[Problem to work on]
Everything in the listing below needs restating exactly, apart from the pictures.

[Information shown]
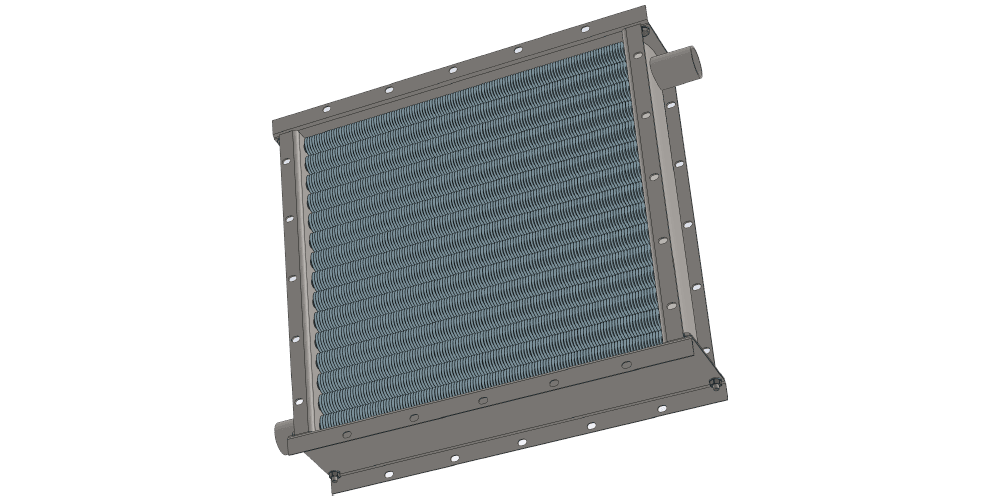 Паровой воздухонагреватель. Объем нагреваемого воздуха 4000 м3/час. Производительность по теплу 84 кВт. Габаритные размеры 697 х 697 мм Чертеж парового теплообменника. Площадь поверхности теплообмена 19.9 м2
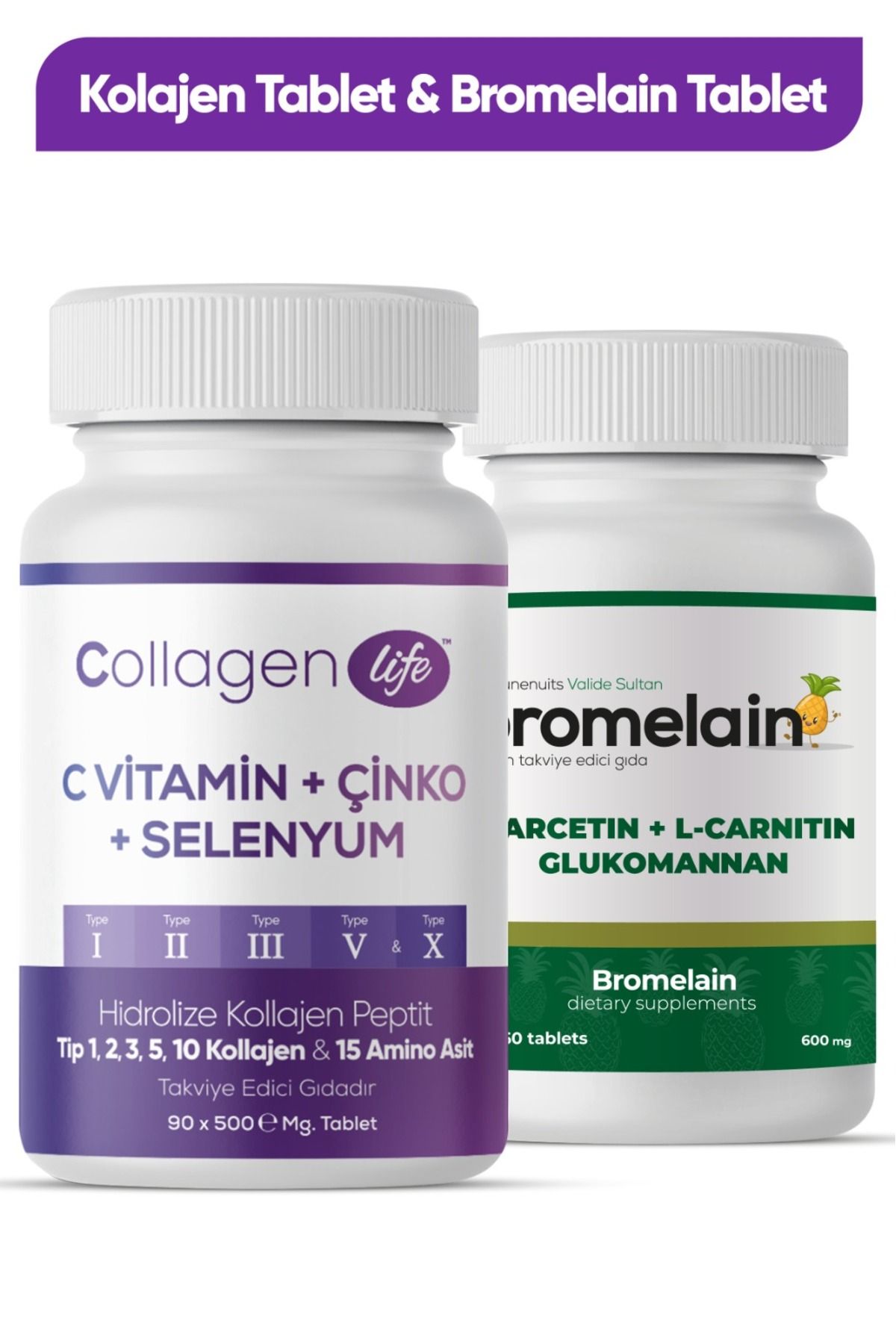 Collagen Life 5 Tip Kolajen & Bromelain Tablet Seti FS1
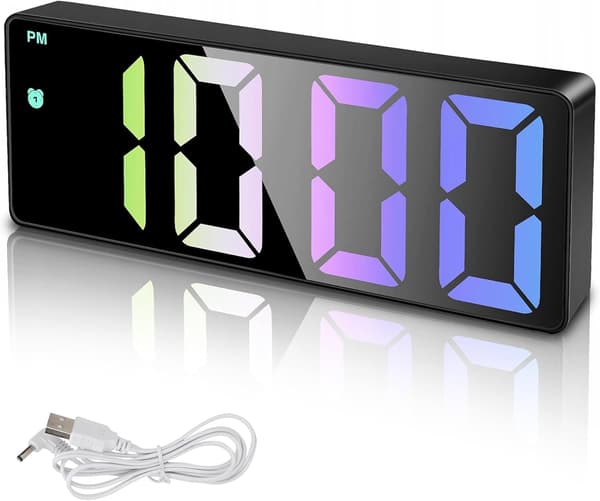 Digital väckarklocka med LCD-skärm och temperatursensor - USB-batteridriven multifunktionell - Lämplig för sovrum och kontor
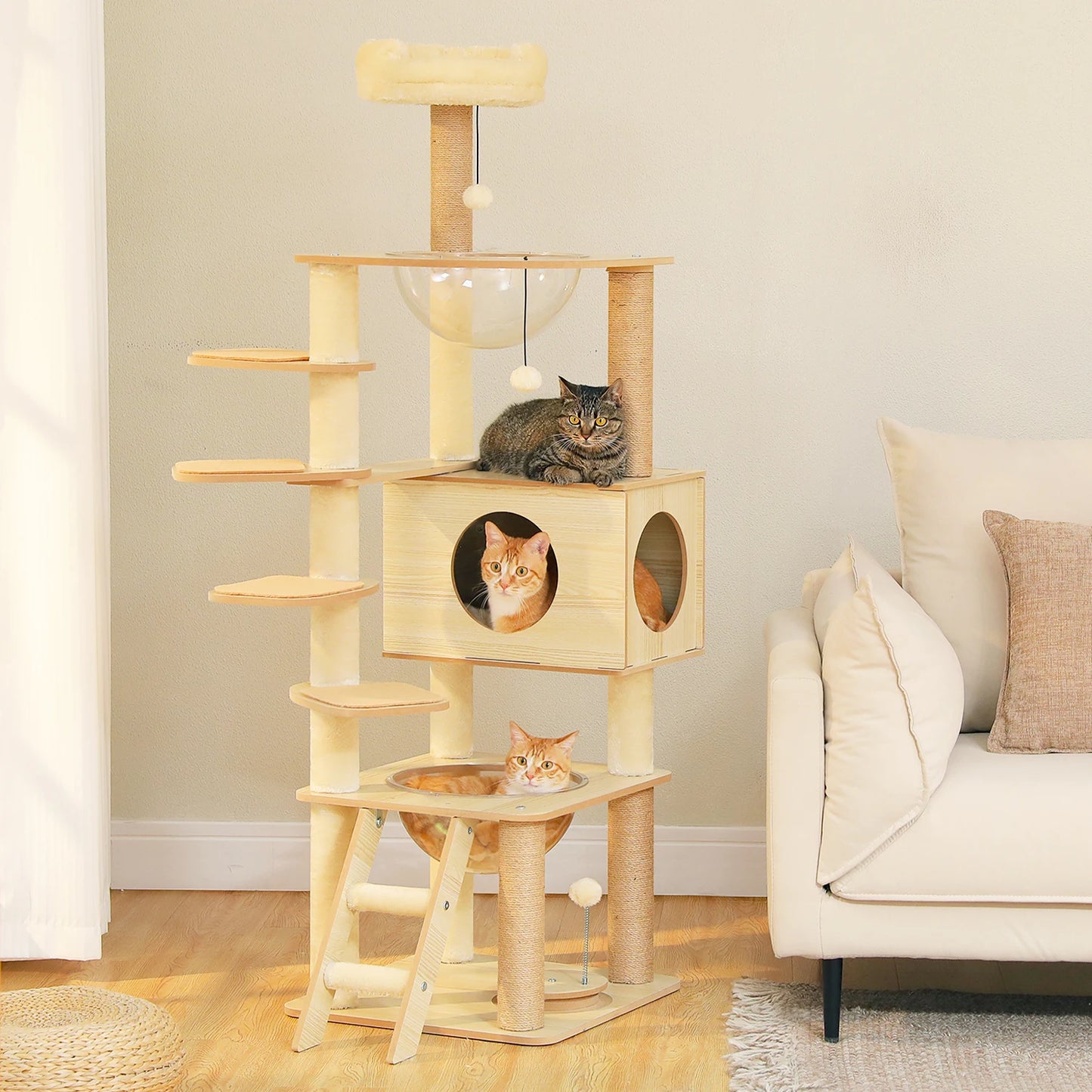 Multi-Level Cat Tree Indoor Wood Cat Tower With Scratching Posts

[Task output]
 Паровой воздухонагреватель. Объем нагреваемого воздуха 4000 м3/час. Производительность по теплу 84 кВт. Габаритные размеры 697 х 697 мм Чертеж парового теплообменника. Площадь поверхности теплообмена 19.9 м2
 Collagen Life 5 Tip Kolajen & Bromelain Tablet Seti FS1
 Digital väckarklocka med LCD-skärm och temperatursensor - USB-batteridriven multifunktionell - Lämplig för sovrum och kontor
 Multi-Level Cat Tree Indoor Wood Cat Tower With Scratching Posts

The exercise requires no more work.